→ **WHAT IS NEEDED**: Give back the line that contains "this 640×480 image." and every following line, exactly as they appear, through the end of the data.
INPUT RECORDS below:
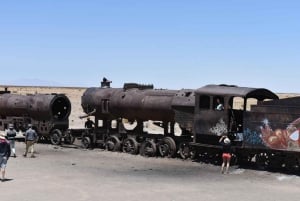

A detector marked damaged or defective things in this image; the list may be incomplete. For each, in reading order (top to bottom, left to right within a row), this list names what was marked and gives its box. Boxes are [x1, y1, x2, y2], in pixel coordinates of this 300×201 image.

rusty steam locomotive [0, 88, 72, 144]
rusty steam locomotive [75, 79, 300, 172]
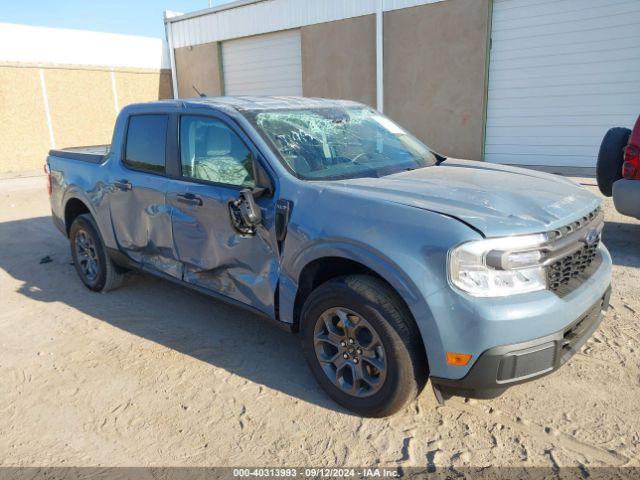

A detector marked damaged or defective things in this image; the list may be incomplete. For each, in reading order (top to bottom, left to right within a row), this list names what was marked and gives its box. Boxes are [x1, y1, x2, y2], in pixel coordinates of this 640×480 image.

damaged front door [168, 114, 280, 316]
cracked windshield [248, 108, 438, 181]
End of INPUT RECORDS.
→ **TASK RESULT**:
A detector marked damaged or defective things in this image; the list may be incomplete. For each, in reading order (top to bottom, left to right within a row), this list names what was marked and gives its box. Boxes are [x1, y1, x2, y2], in pixel coordinates of this 640×480 image.

damaged front door [168, 114, 280, 316]
cracked windshield [248, 108, 438, 181]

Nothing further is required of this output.